PMK 70/2025 menguraikan empat alasan utama yang menjadikan RUU Redenominasi ini penting dan mendesak bagi perekonomian nasional. Alasan-alasan tersebut meliputi peningkatan efisiensi dan daya saing ekonomi, menjaga kesinambungan perkembangan ekonomi, meningkatkan kredibilitas Rupiah di mata internasional, serta memelihara nilai Rupiah yang stabil dan melindungi daya beli masyarakat.
Implikasi Perubahan Nominal dan Penggunaan Sen
Inti dari redenominasi adalah bahwa nilai tukar atau daya beli masyarakat tidak akan berubah.

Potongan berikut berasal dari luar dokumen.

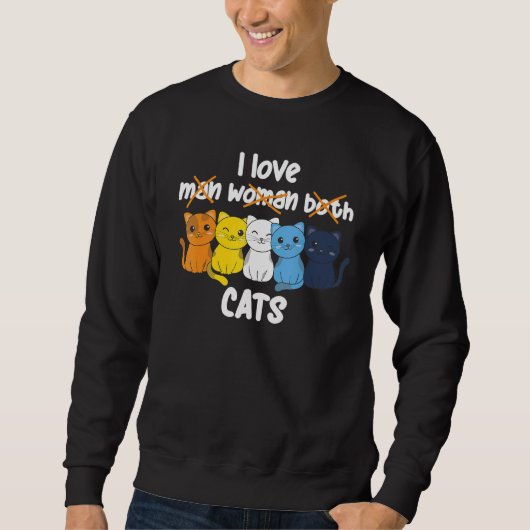 Aroace Flag Pride LGBTQ Cats cute Aroace Cat Trui (Voorkant)
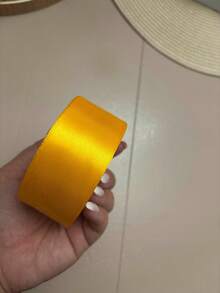 1/5 PCS Pita Pembungkus Kado Berwarna Lebar 4cm * 22m, Pita Anyaman, Pita Satin, Pita, Anyaman, Digunakan untuk Dekorasi Mawar, Pita Kemasan Kotak Kado - Kuning - View 7
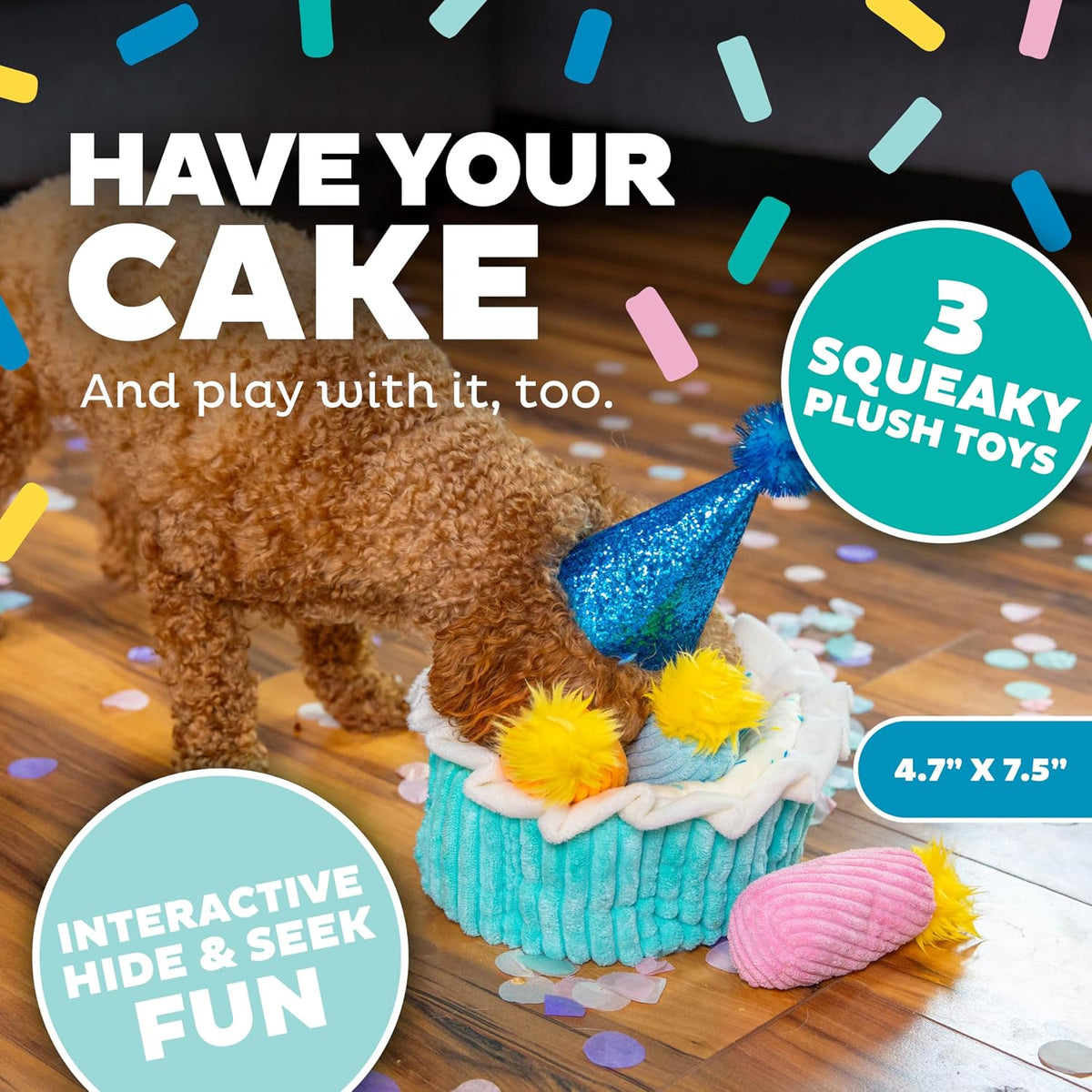 Outward Hound Hide A Birthday Cake, rompecabezas de peluche con tem...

Dampak paling signifikan hanya terlihat pada nominal uang. Contohnya, pecahan Rp1.000 akan menjadi Rp1, Rp10.000 menjadi Rp10, dan Rp100.000 akan menjadi Rp100. Hal ini juga berlaku untuk harga barang dan jasa; harga sepatu Rp800.000 akan menjadi Rp800. Selain itu, redenominasi membuka peluang untuk menghidupkan kembali penggunaan pecahan sen. Pecahan uang tunai saat ini seperti Rp500, Rp200, atau Rp100, setelah proses penyederhanaan, berpotensi menjadi 5 sen, 2 sen, dan 1 sen, yang diharapkan dapat meningkatkan efisiensi transaksi.[dit]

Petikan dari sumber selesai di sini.